Evaluation & Ranking

Participants will be asked to train their systems making use of provided training and validation sets. They are free to deal with the unbalanced nature of the dataset by applying any mitigation technique they find appropriate for the task; they are also free to resize the original images for standardization purposes. Participants will be asked to provide their trained systems in an executable form together with a comprehensive description of their systems including the architecture and the adopted preprocessing steps. Delivered programs should be able to accept and read a collection of images from a folder and produce a CSV file with two labeled columns. The first column should indicate the name of the tested sample (image name), and the second column should indicate the prediction of the system for each sample in the first column; predictions are values from 1 to 14 that indicate the predicted century number for each image, as described by the following table:

For simplicity, the names of samples included in the training and validation sets are coded as a sequence of 6 digit-numbers.
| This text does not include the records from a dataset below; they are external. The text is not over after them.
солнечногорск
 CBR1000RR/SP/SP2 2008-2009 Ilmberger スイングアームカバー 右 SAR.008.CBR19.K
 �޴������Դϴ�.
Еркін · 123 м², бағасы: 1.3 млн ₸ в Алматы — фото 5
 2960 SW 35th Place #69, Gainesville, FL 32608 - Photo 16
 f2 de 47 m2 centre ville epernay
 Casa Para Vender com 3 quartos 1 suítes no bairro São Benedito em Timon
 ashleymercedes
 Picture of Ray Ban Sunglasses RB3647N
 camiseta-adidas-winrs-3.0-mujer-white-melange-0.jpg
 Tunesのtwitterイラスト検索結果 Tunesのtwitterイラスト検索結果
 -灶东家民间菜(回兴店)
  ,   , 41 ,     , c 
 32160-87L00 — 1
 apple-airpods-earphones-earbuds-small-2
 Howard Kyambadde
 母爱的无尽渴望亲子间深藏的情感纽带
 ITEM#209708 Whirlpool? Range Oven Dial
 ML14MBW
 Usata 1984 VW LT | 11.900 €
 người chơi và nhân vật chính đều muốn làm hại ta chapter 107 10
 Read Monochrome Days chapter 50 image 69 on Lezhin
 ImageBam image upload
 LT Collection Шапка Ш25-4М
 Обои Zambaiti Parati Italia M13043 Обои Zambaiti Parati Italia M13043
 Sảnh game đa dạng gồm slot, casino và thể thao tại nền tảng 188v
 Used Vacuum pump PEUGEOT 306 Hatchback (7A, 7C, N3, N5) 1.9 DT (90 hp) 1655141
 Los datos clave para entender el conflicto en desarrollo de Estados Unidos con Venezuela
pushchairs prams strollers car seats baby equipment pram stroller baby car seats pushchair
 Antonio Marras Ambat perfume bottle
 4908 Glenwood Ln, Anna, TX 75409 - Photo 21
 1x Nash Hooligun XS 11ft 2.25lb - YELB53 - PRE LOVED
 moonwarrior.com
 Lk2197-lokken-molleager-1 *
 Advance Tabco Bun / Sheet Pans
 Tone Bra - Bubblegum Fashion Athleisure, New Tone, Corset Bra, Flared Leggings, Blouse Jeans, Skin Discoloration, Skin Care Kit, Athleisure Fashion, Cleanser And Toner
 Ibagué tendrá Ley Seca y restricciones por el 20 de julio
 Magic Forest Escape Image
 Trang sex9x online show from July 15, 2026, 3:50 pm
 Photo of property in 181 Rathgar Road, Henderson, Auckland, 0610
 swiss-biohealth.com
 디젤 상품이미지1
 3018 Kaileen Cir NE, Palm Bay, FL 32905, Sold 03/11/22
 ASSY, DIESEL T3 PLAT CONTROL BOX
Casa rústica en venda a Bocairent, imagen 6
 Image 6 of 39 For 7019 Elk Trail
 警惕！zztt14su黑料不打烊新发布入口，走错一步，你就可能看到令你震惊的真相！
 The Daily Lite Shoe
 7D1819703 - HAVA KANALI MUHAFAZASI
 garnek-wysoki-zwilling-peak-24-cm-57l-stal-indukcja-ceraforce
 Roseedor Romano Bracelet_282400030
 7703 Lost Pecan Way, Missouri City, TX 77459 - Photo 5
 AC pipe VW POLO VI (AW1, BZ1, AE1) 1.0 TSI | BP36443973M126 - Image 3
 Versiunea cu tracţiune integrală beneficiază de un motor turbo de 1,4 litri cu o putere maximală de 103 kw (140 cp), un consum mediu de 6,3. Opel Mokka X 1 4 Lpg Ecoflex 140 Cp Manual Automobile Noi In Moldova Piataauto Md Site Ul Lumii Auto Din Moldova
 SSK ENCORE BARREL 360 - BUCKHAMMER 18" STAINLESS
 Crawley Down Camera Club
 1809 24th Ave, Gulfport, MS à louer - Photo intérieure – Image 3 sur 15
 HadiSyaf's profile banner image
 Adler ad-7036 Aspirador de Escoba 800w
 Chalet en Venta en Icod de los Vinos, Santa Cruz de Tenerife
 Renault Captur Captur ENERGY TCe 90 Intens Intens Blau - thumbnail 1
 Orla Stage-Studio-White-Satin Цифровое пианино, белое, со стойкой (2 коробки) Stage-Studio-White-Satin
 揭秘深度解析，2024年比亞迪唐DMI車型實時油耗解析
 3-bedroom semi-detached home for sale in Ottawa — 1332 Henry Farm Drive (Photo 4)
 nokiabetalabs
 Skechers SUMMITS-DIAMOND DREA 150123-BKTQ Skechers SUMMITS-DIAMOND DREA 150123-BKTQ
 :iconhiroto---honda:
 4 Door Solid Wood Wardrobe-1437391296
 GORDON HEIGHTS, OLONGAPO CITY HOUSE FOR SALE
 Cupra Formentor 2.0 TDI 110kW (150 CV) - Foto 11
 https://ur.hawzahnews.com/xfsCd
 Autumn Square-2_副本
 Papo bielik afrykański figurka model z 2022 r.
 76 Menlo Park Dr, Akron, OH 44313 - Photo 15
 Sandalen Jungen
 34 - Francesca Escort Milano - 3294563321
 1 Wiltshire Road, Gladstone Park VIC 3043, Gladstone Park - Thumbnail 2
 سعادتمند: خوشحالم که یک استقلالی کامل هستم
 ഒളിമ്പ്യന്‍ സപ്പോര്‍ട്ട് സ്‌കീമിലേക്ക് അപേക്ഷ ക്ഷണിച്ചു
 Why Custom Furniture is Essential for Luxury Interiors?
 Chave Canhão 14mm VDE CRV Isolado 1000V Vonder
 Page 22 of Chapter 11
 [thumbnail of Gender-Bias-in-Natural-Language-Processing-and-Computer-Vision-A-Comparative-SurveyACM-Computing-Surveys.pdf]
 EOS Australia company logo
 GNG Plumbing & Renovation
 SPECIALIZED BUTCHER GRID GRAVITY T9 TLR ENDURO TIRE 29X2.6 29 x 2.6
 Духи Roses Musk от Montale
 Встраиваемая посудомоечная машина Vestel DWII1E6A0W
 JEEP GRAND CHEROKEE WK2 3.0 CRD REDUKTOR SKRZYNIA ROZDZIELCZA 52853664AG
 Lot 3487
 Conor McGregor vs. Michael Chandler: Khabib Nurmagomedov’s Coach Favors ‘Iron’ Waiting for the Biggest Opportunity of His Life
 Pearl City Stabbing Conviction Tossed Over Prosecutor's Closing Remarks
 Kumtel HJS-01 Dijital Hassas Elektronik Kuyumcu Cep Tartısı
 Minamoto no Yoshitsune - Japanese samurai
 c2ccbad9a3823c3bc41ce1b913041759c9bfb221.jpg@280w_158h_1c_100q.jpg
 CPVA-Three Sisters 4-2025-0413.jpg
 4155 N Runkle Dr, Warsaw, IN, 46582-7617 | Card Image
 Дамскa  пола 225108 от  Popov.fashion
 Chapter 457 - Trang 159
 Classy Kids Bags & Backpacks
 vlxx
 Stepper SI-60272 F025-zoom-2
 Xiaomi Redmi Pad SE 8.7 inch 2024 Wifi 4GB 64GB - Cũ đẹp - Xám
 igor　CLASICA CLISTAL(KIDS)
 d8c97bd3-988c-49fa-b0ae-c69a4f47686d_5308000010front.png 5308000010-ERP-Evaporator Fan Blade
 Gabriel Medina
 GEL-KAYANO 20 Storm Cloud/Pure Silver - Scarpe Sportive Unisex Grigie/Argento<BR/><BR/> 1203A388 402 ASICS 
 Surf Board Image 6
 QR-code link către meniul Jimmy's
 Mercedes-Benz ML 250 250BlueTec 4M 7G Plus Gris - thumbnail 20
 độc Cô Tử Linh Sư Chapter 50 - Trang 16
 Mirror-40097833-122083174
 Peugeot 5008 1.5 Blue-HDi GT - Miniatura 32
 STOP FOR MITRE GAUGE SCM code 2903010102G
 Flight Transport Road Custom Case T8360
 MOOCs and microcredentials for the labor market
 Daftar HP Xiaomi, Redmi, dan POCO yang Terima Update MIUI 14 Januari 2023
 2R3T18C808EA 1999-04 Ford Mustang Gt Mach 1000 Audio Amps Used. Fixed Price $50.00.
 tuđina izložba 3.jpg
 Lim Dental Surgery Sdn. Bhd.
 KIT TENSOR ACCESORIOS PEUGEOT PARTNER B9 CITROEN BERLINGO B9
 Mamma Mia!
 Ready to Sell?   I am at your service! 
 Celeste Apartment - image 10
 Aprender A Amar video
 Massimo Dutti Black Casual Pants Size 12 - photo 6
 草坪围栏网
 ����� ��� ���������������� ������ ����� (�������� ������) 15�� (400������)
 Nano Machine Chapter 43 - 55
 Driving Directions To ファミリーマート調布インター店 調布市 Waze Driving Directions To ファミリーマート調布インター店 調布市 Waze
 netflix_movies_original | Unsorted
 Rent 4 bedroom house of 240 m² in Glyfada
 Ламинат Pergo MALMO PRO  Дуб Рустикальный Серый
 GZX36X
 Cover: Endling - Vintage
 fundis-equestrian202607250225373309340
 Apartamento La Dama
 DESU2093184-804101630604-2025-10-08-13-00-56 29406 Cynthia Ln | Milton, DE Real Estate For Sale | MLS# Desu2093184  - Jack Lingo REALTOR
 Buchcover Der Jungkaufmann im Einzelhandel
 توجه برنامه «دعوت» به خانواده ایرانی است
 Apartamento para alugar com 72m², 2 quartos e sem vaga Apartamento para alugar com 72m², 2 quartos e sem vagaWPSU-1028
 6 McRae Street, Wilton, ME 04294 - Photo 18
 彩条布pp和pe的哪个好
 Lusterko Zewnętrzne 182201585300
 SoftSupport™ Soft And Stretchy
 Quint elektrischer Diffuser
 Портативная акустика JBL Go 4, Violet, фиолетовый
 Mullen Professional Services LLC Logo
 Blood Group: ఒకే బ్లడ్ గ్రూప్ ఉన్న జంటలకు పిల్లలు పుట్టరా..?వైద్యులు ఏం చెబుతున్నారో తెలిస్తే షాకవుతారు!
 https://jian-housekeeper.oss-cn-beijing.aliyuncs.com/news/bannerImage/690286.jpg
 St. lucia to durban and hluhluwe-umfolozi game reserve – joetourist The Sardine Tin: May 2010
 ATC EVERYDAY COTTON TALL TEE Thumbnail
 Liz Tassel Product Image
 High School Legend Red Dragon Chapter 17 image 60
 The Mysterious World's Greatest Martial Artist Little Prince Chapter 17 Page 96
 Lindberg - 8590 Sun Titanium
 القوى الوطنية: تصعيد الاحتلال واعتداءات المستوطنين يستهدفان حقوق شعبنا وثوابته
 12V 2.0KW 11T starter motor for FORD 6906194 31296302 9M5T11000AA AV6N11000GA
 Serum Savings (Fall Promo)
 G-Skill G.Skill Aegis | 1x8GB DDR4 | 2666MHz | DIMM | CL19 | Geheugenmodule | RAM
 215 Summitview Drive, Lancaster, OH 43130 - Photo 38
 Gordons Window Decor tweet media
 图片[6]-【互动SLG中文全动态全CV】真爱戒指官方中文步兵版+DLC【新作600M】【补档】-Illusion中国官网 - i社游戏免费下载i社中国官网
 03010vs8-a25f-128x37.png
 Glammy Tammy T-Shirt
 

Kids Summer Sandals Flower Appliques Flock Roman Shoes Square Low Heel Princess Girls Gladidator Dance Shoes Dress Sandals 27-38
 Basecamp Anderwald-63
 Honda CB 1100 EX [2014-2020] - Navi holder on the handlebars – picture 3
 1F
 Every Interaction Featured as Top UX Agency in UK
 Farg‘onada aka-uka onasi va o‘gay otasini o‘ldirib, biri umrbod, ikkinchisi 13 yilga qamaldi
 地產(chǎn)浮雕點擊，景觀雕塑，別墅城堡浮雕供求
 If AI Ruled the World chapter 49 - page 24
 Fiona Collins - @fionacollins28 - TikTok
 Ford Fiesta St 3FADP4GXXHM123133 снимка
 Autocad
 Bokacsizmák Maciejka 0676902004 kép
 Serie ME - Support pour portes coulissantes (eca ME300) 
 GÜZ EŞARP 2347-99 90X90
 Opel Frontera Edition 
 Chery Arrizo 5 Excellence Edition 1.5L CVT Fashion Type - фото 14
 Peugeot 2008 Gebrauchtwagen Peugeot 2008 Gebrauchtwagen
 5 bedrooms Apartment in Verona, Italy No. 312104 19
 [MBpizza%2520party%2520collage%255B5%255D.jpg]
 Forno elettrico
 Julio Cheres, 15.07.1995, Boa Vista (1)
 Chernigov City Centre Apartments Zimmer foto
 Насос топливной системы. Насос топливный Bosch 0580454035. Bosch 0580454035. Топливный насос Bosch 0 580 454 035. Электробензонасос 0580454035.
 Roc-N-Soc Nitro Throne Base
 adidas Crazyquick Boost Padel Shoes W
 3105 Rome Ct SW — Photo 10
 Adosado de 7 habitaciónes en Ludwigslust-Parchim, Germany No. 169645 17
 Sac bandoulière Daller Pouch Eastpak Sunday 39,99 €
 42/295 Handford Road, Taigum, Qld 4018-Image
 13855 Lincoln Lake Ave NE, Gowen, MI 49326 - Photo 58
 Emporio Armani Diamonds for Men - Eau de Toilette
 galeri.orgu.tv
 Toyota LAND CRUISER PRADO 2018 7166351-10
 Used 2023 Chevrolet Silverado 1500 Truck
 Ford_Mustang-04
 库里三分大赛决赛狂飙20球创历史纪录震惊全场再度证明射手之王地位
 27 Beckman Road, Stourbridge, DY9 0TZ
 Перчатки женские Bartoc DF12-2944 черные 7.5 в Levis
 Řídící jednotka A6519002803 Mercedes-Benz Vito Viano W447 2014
The first two digits in the left indicate the century number (class value) of the sample; the subsequent four digits represent a sequential number associated to each sample. The entire structure of the adopted file name of samples is depicted in the following figure:

Returned data by participants allows the organization committee members to easily get the predictions of systems and hence properly evaluate their performances. Using the same test set, participating systems are compared and ranked according to two main criteria:

Correct dating of manuscript samples of the test set: making use of the following metrics:
1. F1-score,
2. MAE (Mean Absolute Error),
3. CS (Cumulative Score)
4. ACC (Classification accuracy [1]).

Average processing time.

Note that special interest will be given to the comparison of dating manuscripts with specific text formats such as tables, texts in margins with different styles, and hand-drawn figures. This enables the identification of the strengths and weaknesses of each system.